Fork in the Road

I have been thinking again about the reasons why I join the military.  The reason I would tell anyone at the time why I did it was to do my patriotic duty.  Later on, I would tell people that I joined to escape my abusive father.  That is true as long as you don’t get into specifics too much.  My father was abusive and I did join to escape him.  But the abuse wasn’t what I was escaping from with joining.  Instead I was escaping from temptation and revenge.

By my teenage years, my father physically abusing me became a less of a problem.  I could defend myself and my father’s lack of exercise and chain smoking caught up with him.  To the point that he was breathing with the help of an oxygen bottle.  Even though physically he wasn’t much anymore, his mind was still very sharp like a knife.  He would wield that instead of his body to abuse me and my brother.

The oxygen bottle presented an opportunity to me.  An opportunity that talk about in this post

The Tubing

Like a lot of things once the idea forms, it is hard to put it away.  Especially considering the perfect opportunity it presented with me being alone with my father in my last year of high school.  There was a window of a couple hours before my brother would come home.  The urge to do it became stronger a little bit more each day.  I know I had to do something otherwise I might actually kill another human being.  Even if he is a monster, still a human being.

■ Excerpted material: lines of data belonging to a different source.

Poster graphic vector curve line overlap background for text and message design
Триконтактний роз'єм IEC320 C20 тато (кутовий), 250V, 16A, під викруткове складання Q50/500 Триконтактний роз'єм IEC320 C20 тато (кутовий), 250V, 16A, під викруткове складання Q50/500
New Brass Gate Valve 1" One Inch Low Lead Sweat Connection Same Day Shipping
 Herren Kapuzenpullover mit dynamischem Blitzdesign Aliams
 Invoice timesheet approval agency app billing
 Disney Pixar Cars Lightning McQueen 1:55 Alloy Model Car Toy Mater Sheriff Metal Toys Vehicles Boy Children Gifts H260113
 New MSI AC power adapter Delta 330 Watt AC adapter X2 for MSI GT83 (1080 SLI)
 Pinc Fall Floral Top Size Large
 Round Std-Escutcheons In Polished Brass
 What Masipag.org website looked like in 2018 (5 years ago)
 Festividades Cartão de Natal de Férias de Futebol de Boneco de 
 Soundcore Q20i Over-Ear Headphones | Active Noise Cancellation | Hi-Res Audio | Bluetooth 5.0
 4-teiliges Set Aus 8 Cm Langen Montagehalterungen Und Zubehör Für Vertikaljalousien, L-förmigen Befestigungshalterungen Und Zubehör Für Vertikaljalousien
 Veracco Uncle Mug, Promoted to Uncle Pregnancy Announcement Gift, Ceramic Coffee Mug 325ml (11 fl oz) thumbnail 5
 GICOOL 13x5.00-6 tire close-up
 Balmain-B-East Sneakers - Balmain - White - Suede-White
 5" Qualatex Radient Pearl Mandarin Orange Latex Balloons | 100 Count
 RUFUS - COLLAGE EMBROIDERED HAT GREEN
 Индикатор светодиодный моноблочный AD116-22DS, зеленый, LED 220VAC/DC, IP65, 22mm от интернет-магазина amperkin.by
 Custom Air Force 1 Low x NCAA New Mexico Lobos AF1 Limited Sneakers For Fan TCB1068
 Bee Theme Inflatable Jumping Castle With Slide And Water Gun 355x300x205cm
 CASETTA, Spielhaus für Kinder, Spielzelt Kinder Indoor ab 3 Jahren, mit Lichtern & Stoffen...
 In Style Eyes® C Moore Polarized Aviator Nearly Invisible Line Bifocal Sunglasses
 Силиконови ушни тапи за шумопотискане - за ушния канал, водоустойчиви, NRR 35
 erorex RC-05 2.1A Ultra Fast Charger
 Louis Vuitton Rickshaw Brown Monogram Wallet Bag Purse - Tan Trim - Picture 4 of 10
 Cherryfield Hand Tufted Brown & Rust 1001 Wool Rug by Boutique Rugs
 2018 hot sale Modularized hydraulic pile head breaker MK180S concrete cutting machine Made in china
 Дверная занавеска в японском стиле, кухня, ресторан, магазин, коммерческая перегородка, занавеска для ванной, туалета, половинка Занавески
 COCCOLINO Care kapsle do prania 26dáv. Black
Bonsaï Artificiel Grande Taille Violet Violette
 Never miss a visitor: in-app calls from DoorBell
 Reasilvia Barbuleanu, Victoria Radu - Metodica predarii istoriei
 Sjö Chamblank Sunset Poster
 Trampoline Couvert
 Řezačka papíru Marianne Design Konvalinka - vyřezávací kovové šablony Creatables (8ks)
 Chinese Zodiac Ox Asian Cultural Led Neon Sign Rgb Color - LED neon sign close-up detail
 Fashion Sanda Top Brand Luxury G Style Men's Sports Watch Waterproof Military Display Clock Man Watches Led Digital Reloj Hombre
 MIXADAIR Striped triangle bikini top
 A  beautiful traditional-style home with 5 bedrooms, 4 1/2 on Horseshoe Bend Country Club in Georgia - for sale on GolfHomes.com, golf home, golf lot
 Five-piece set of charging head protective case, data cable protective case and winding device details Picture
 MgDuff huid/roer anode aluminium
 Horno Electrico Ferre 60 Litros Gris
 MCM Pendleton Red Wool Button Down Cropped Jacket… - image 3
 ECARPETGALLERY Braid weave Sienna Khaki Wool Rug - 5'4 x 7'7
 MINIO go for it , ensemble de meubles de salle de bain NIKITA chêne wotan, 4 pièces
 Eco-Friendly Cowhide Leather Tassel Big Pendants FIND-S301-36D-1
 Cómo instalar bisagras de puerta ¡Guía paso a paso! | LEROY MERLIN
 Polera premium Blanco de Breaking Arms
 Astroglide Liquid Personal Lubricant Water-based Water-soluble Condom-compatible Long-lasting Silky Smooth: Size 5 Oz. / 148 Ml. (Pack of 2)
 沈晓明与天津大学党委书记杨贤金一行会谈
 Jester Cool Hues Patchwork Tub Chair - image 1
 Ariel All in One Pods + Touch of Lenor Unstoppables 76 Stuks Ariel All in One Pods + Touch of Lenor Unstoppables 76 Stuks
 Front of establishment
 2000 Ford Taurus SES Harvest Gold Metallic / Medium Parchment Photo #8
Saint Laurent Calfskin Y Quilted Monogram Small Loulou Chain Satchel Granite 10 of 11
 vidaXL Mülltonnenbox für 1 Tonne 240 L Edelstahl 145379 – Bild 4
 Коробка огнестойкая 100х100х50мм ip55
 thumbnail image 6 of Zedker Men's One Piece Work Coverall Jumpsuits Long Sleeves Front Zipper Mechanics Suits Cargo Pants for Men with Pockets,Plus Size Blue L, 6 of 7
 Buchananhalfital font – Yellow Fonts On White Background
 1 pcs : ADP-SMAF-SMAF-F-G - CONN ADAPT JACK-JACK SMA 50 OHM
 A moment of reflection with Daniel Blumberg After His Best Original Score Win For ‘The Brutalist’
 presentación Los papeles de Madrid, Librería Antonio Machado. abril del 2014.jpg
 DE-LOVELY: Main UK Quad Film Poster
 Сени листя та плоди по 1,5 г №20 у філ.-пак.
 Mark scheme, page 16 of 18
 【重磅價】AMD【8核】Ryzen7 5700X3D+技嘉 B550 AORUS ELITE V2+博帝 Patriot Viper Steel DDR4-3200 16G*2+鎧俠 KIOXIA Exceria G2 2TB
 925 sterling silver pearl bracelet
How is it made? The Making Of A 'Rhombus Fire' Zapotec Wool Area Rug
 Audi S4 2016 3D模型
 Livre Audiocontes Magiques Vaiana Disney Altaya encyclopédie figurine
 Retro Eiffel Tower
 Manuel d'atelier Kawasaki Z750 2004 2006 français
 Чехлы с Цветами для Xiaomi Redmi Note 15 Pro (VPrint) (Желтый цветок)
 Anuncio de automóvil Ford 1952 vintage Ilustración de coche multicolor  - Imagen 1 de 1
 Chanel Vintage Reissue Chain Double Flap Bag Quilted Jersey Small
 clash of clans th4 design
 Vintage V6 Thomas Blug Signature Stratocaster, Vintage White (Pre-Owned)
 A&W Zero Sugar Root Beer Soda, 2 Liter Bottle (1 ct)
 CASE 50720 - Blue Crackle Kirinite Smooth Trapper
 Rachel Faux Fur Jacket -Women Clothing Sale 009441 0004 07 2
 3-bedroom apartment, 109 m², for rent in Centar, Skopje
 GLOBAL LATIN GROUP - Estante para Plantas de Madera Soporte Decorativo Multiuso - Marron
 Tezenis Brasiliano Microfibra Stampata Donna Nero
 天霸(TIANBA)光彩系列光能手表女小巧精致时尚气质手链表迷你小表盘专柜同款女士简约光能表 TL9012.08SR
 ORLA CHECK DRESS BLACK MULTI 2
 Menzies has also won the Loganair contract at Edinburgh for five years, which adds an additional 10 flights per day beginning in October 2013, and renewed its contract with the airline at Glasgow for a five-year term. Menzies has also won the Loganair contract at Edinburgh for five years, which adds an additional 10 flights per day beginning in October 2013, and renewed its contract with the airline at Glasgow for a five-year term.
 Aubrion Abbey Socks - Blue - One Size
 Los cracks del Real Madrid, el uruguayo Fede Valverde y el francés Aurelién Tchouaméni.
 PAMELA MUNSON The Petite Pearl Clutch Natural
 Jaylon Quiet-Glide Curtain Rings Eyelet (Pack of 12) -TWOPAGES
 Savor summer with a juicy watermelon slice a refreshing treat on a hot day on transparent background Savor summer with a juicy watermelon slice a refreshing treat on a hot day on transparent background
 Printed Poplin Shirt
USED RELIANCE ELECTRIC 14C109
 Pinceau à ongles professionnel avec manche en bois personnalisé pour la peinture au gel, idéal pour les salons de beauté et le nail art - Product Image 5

I thought about college, but how I was going to pay for it?  To me the military seem like the one place that I could be sure I would be away from temptation and do something I would regret very much.  So that is what I did.

It did work.  I avoided the temptation to kill my father.  Wasn’t the best move by any means.  I am sure someone sitting outside would have come up with better choices.  But at the time, it was the best choice and something I could count on.

But in the end, the temptation and the need for revenge against my father just morphed into something else.  Something that would fracture the delicate hold I had on life.  In the process, drive me into alcoholism and suicide as I faced what I had become when my father did die.  But that is a story for a different day.

Being a veteran is not something I talk about a lot.  I mention it when it comes up, but play it down.  I am nothing special being a veteran.  Sure I served my country, but it wasn’t for patriotic reasons at all.  It was for my own selfish reasons.

In the end, joining the military gave me a reason to resist temptation and revenge.  But the question then becomes what if I didn’t join the military?  Would I kill my father?  I think the answer is yes.   I would have enjoyed watching him suffocate, payback for all those times he forced me down and had his way with me.

I think also that I would not stop there.  Like other things, I would have got a taste for it.  Especially doing it and getting away with it.  I would want to do it again and again.  To go against something I hold very dear in my heart and that is killing people.  I would hate to think of the kind of person I would become if that was the case.

In the end, maybe joining the military was a means to survive as the person I am and not become like my father.  A choice that I am not proud about given the reasons why I did it.  But that is life sometimes isn’t it?  Just trying to do the best we can with the situation we have at the time.  Trying to survive and be who we are as a person the best we can in the moment.